Most KYC flows consuming raw Aadhaar data only need a boolean answer: Is this person over 18? Is their document valid? Do they reside in state X?

Yet the standard integration pulls the full XML — name, address, photo, biometrics — into the relying party’s database. This is unnecessary data exposure, and it creates a liability surface that scales with every integration partner.

This post covers the problem, the ZK-based alternative, the major proving systems you can use today, and the tradeoffs between them.

The Problem with Traditional Attestations

Traditional identity verification follows a simple but flawed model:

  1. User shares raw personal data (Aadhaar XML, PAN, bank statements)
  2. Relying party extracts the fields they need
  3. Relying party stores everything — including fields they never needed

This creates three problems:

  • Over-collection: A lending app checking age eligibility now holds your full address, photo, and document number
  • Liability multiplication: Every integration partner becomes an attack surface. India saw 1.4 billion records leaked in 2023 alone
  • Compliance burden: Under DPDP Act 2023, every byte of personal data stored requires lawful purpose, consent management, and deletion infrastructure

The fix is conceptually simple: if you only need a yes/no answer, you should only receive a yes/no answer — with cryptographic proof that it’s correct.

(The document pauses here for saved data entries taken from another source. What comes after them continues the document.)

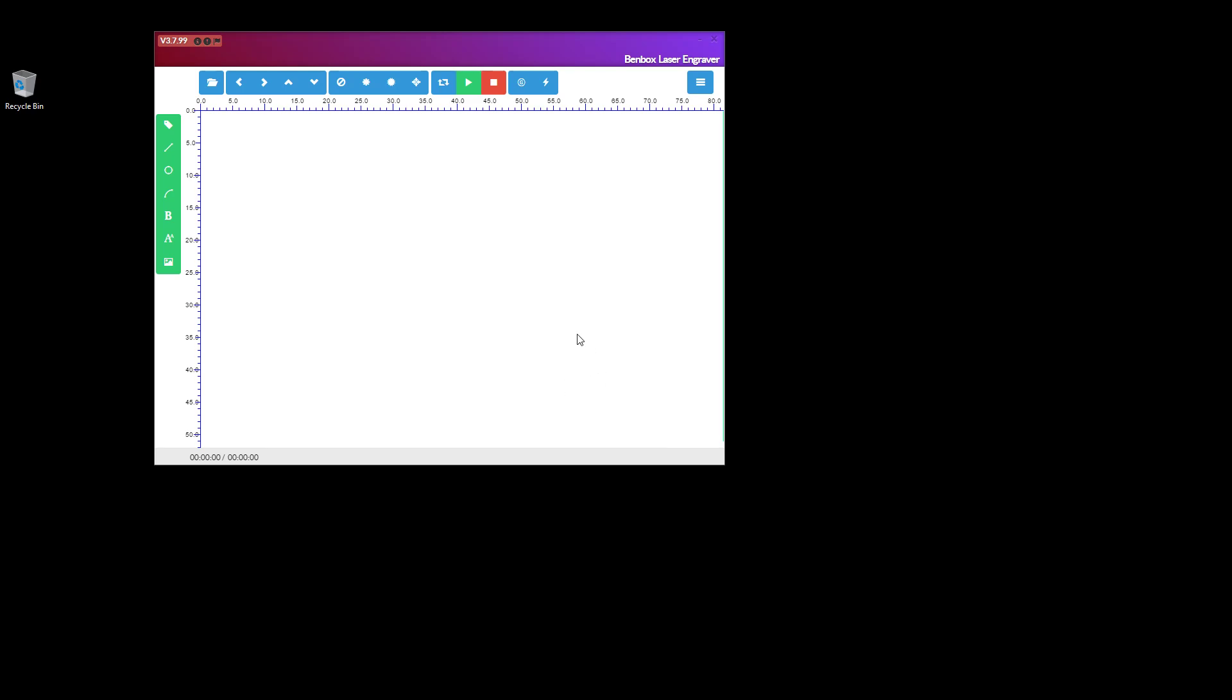Now what you have to do is, you've got Benbox - there are other ways to do it, this is the way I went about it. Open up Benbox, which is what you can download from the internet or you might have got from your provider of the equipment you've got.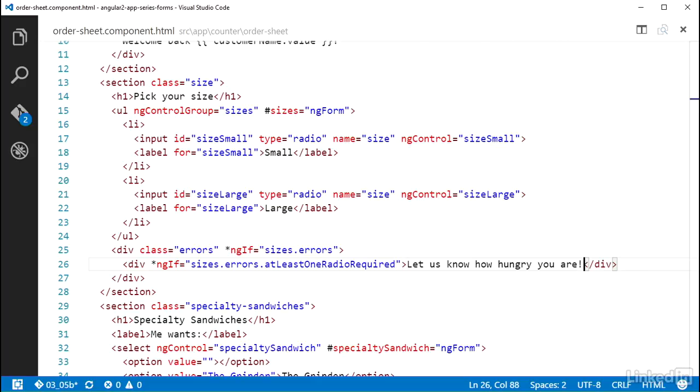So wiring up custom validators is done in the same way as the built-in validators. And using the error model is the same as well, with the added benefit of being able to control the structure of those model additions.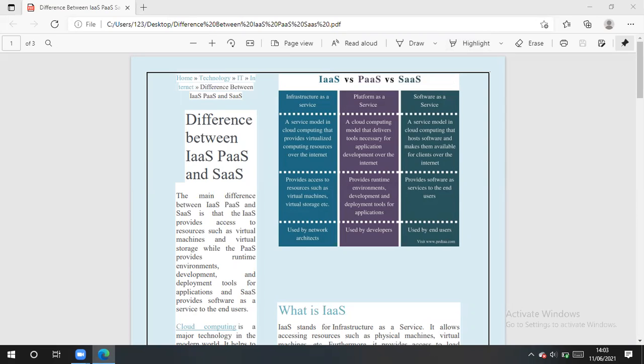Today we will discuss a very important topic, the difference between IaaS, PaaS, and SaaS. Here the main difference when we talk about infrastructure as a service, platform as a service, and software as a service.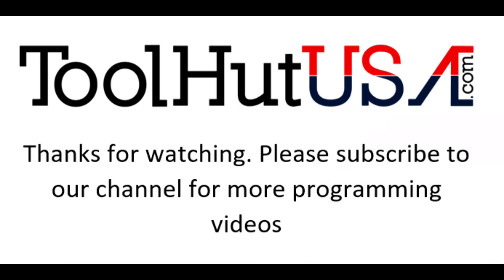Thanks for watching. Subscribe to the channel if you want to see more videos like this. Thumbs up, thumbs down, ring the bell if you want to be notified as they're coming out. Questions, comments, criticisms, concerns, all down at the bottom. Keep it clean or they get deleted. Have a great day.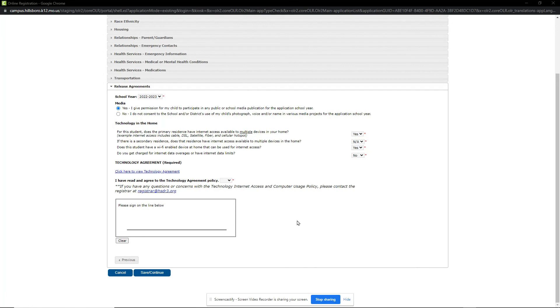On the Release Agreement section, the school year is already selected and we then review the Media Release and Technology Agreement questions. I will mark Yes on the Media Release and then move to the Technology section.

Zero-Knowledge Proofs: The Core Idea

A zero-knowledge proof lets a prover convince a verifier that a statement is true without revealing why it’s true. In our context:

“I can prove I am over 18 without showing you my date of birth.”

The proof is:

  • Complete: If the statement is true, an honest verifier will be convinced
  • Sound: If the statement is false, no cheating prover can convince the verifier (except with negligible probability)
  • Zero-knowledge: The verifier learns nothing beyond the truth of the statement

For KYC, this means replacing data-heavy workflows with boolean attestations — single-bit answers backed by cryptographic guarantees.

Proving Systems: The Landscape

Three families dominate production ZK systems today. Each makes different tradeoffs on proof size, verification time, prover cost, and trust assumptions.

Groth16 (zk-SNARKs)

Groth16 is the most deployed SNARK system. It produces the smallest proofs and the fastest verification — but requires a trusted setup ceremony per circuit.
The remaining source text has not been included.